Reproduce exactly the lines below, starting at the line that contains "2 Crocker Place" and ending with the last line of the records, both included; leave out any pictures.

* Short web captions
◆ ◆ ◆ ◆

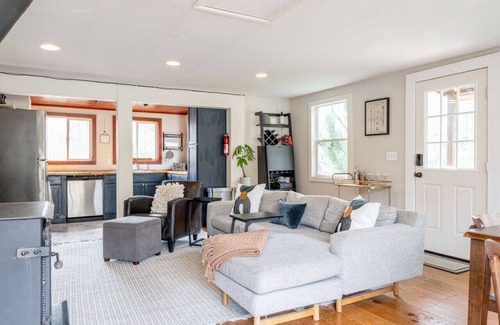 Kerhonkson Cottage | Adorable Cottage w/Hot Tub, Pond, and Rain Deck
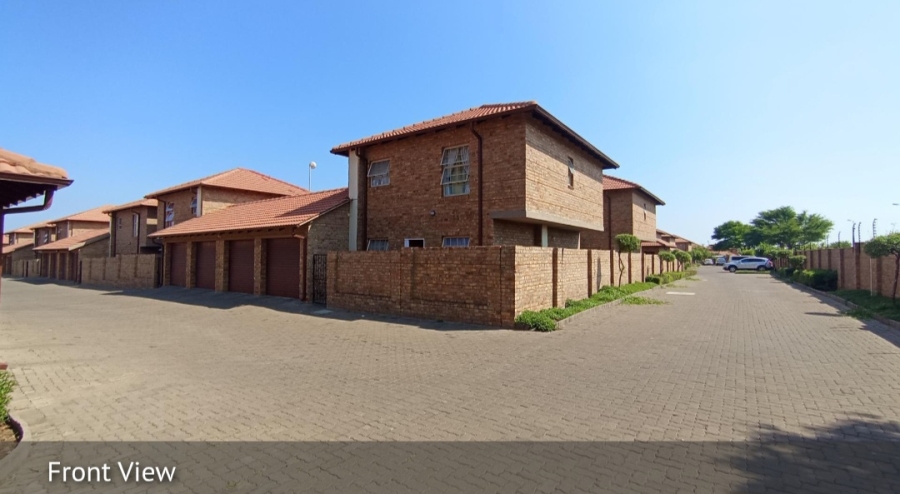 3 Bedroom Property for Sale in Annlin Gauteng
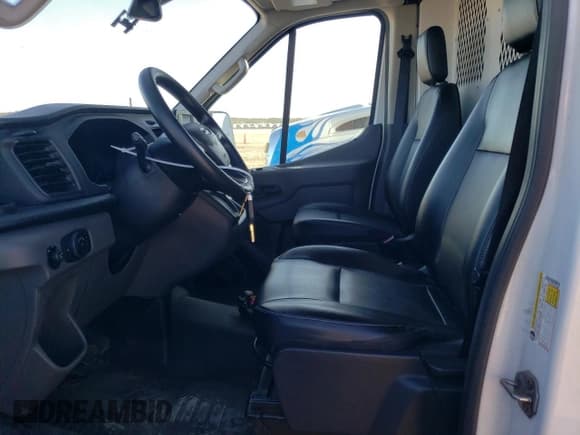 ✅ 2020 Ford Transit Cargo • VIN: 1FTYE1C82LKA13465 • Lot: 87039174. Wystawiony na Copart z przebiegiem Nie podano. Bezpłatny archiwum sprzedaży aukcyjnych z USA i szczegółowy raport historii pojazdu na DreamBid. Zdjęcie 7.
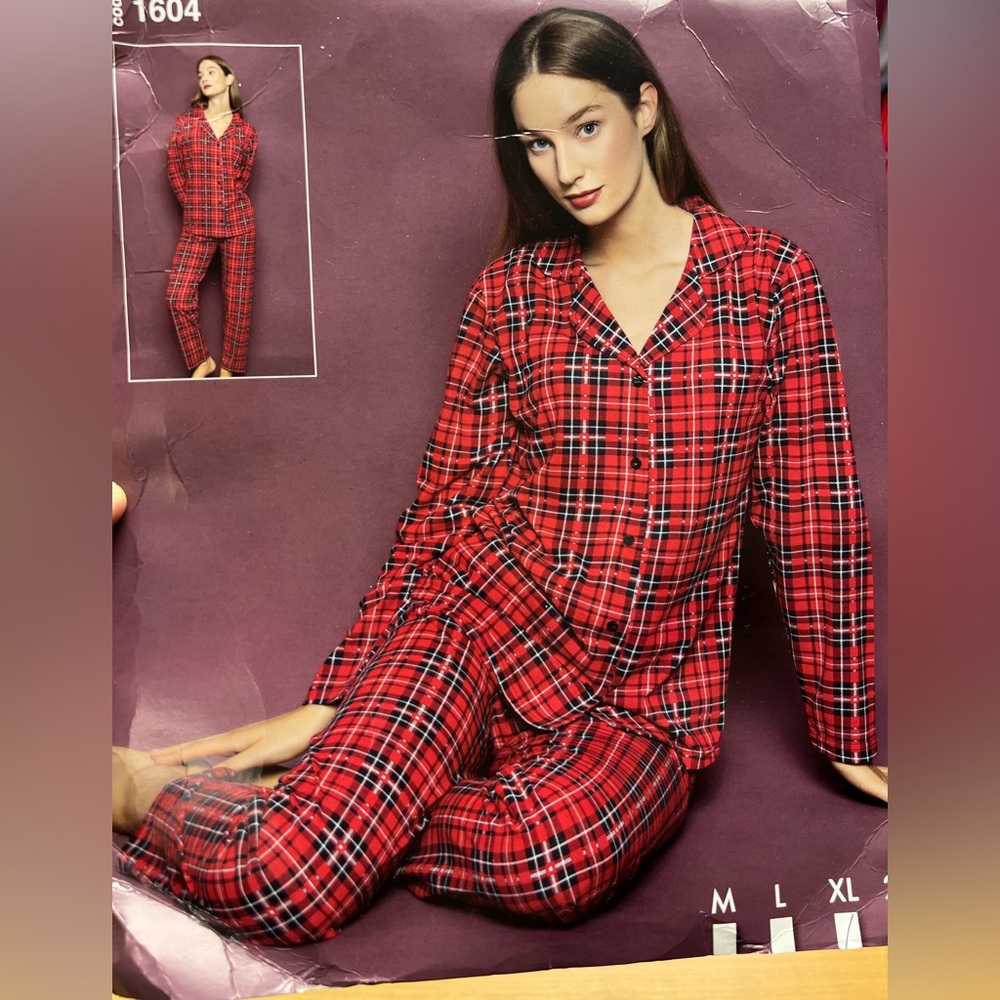 Plaid Red Women's Pajama Set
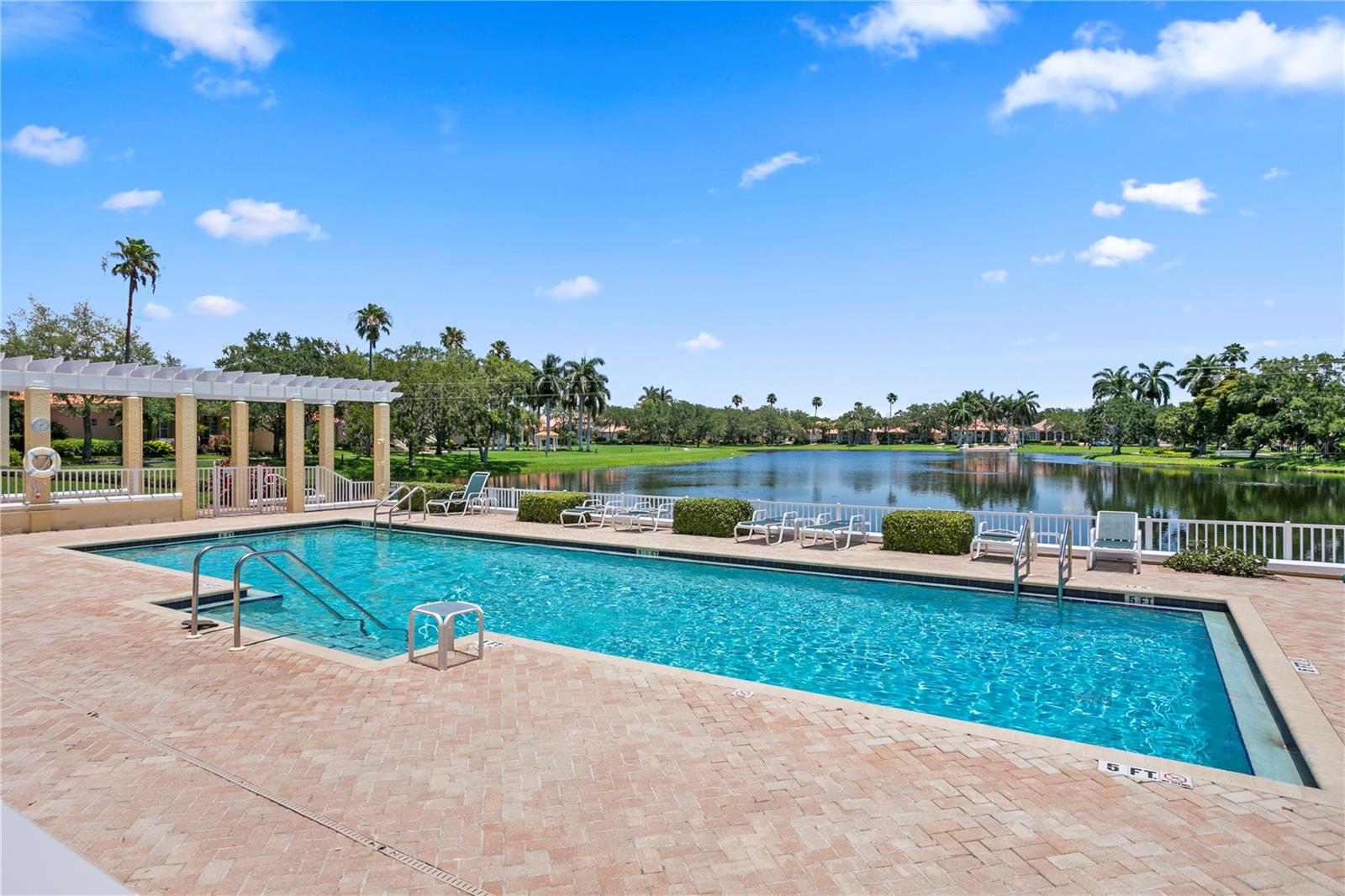 4717 DOLPHIN CAY LN S #507, ST PETERSBURG, FL — photo 37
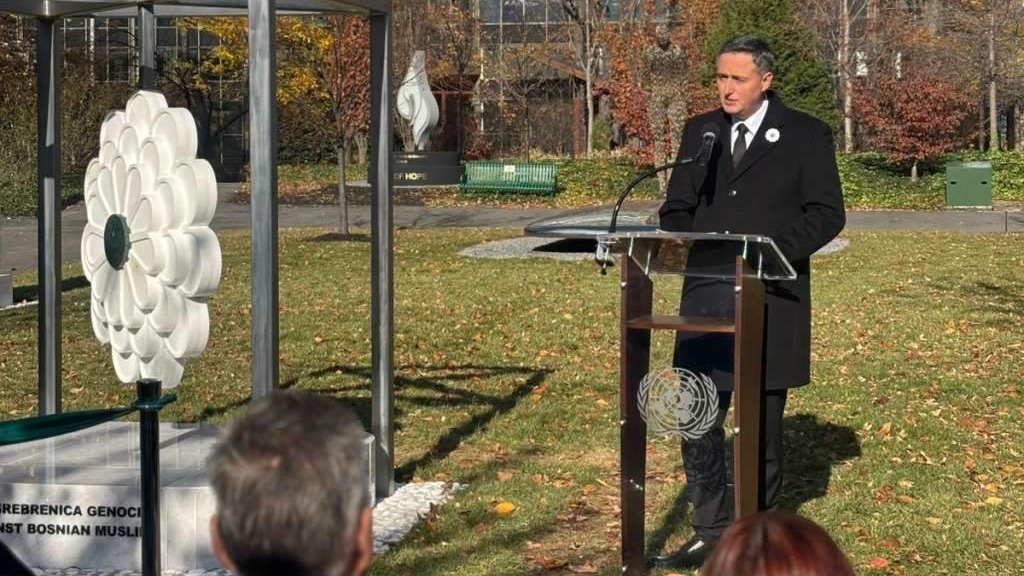 Bećirović: Otkrivanje spomenika 'Cvijet Srebrenice' historijski trenutak za BiH i UN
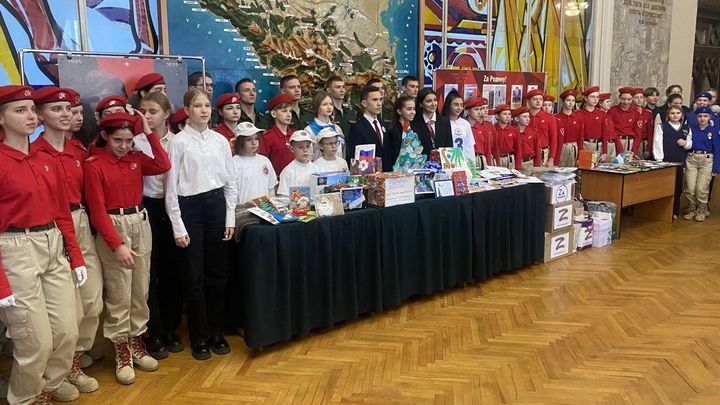 Школьники Ростова передали участникам спецоперации больше 10 тысяч посланий к Новому году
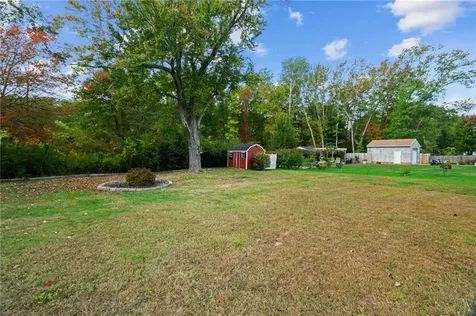 39 Woodlawn Road North Smithfield RI 02896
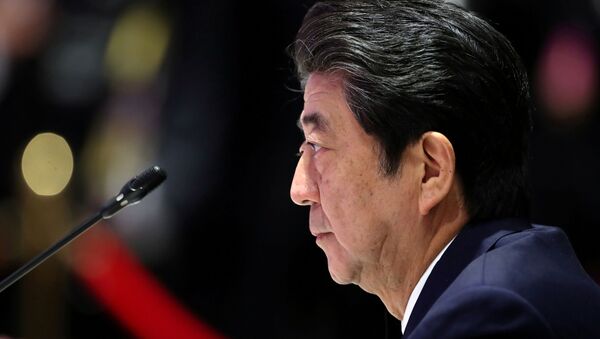 El primer ministro de Japón, Shinzo Abe - Sputnik Mundo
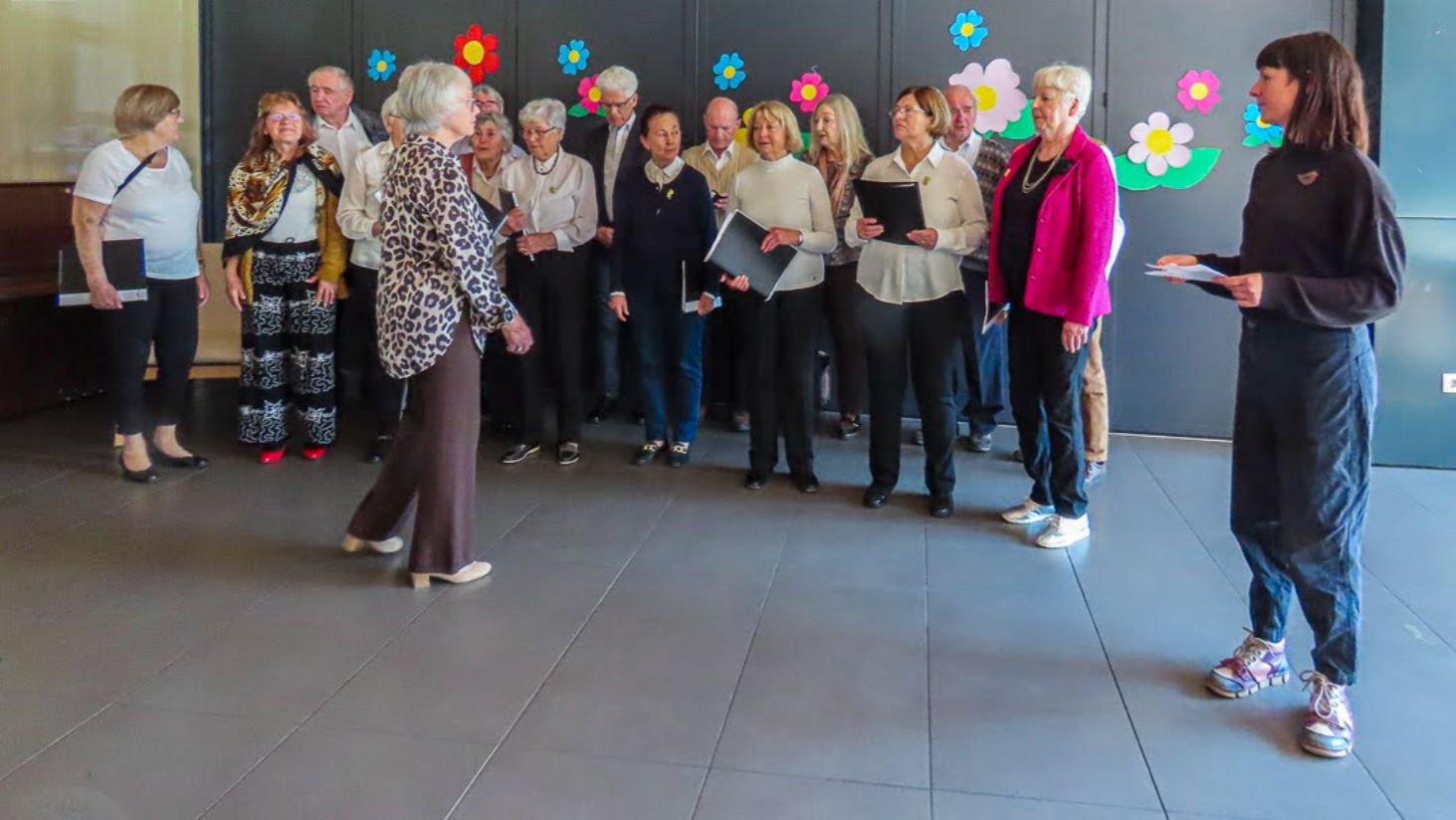 Read more about the article Nastop pevskega zbora Razcvet v DEOS Center starejših Trnovo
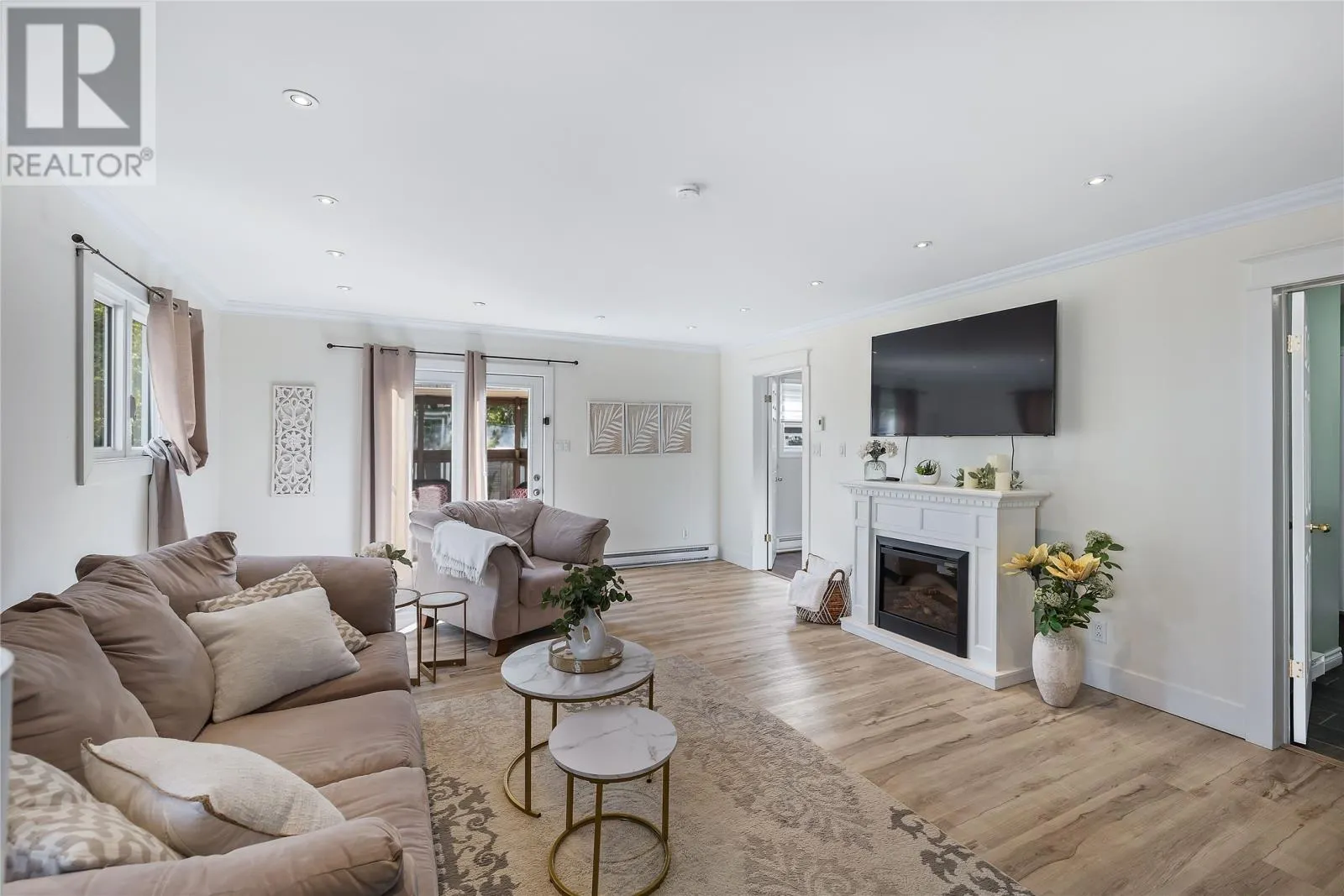 2 Crocker Place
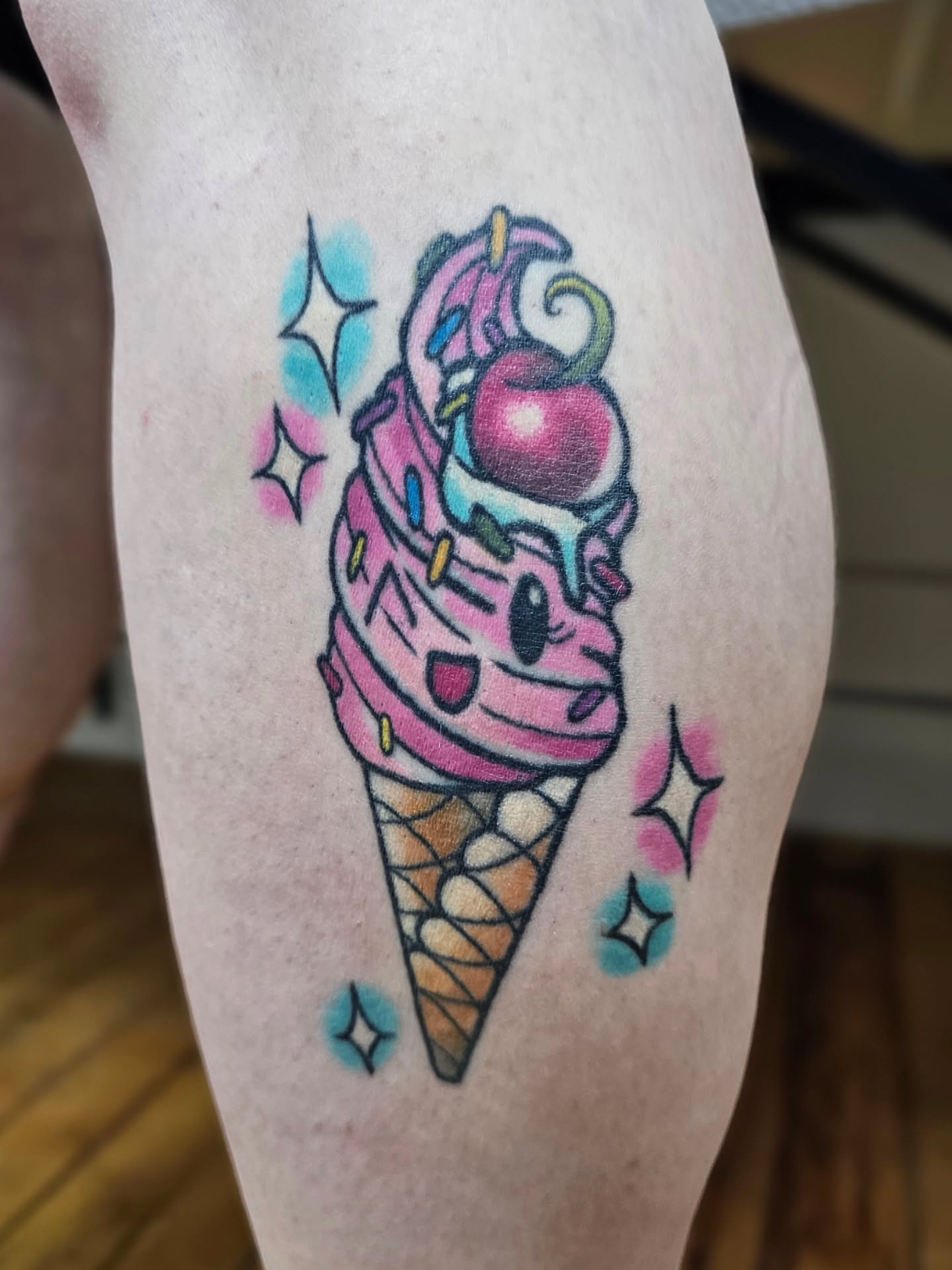 Tattoo by @alexalachutatattoos — new_school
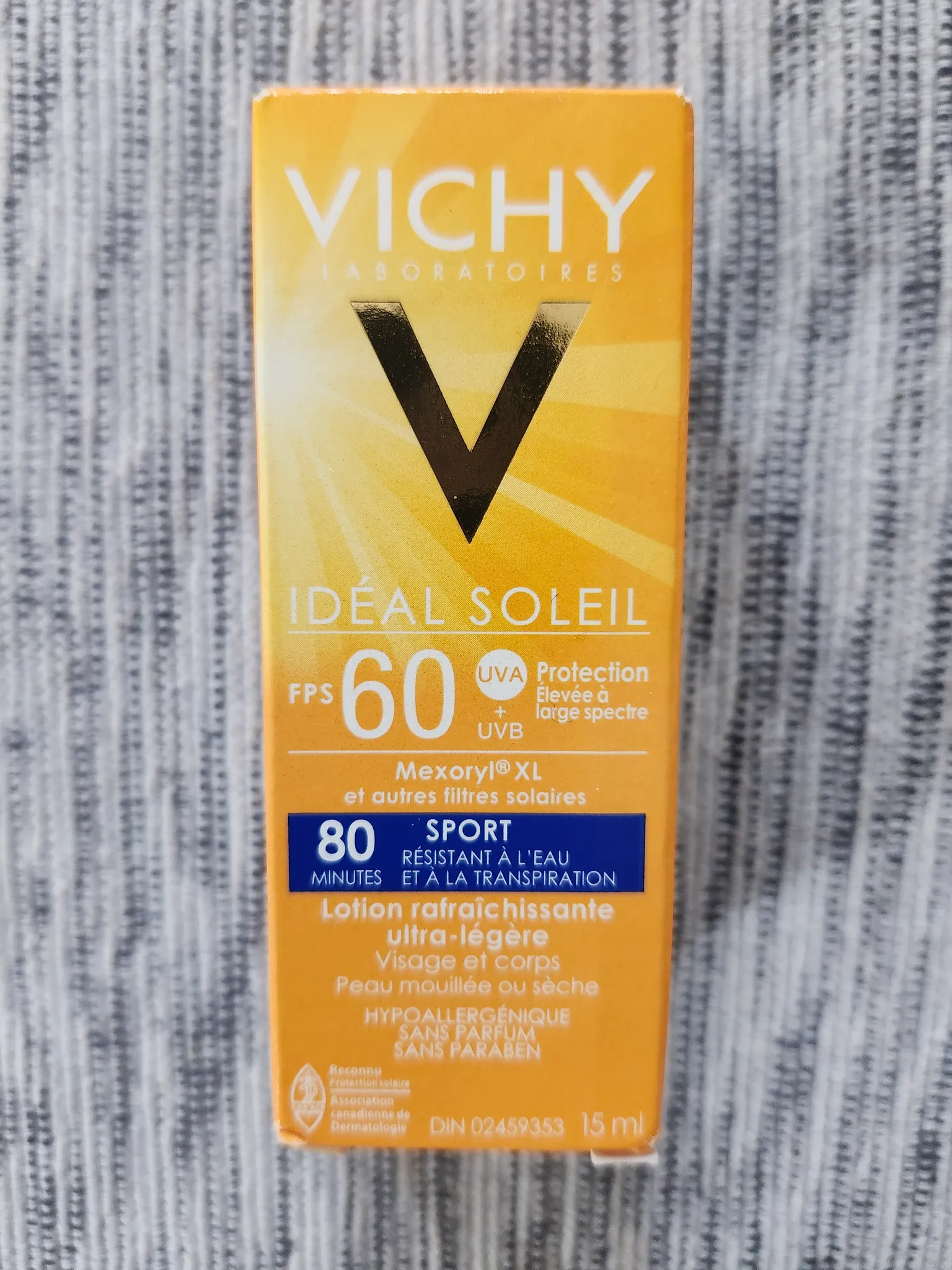 Vichy Ideal soleil ultra-light lotion
Sun protection cream 60SPF photo 1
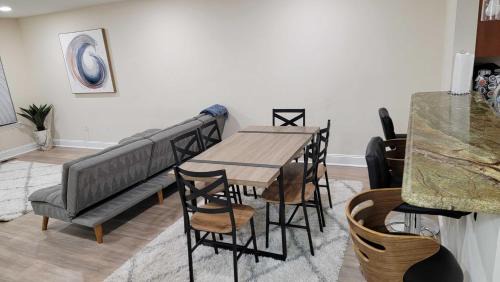 Clifton Casa | Spacious Luxury Stay Near Dulles Airport-IAD with Free Parkings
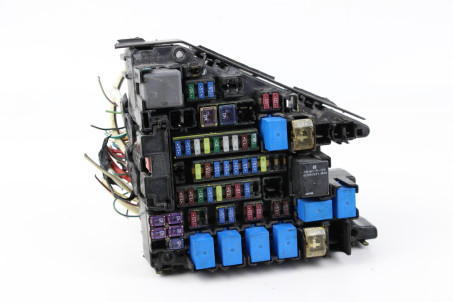 Блок предохранителей двигателя 2.5 Subaru Legacy (BN) 2014-2020 82243AL00A (56796)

◆ ◆ ◆ ◆

* Worked solution
 2 Crocker Place
 Tattoo by @alexalachutatattoos — new_school
 Vichy Ideal soleil ultra-light lotion
Sun protection cream 60SPF photo 1
 Clifton Casa | Spacious Luxury Stay Near Dulles Airport-IAD with Free Parkings
 Блок предохранителей двигателя 2.5 Subaru Legacy (BN) 2014-2020 82243AL00A (56796)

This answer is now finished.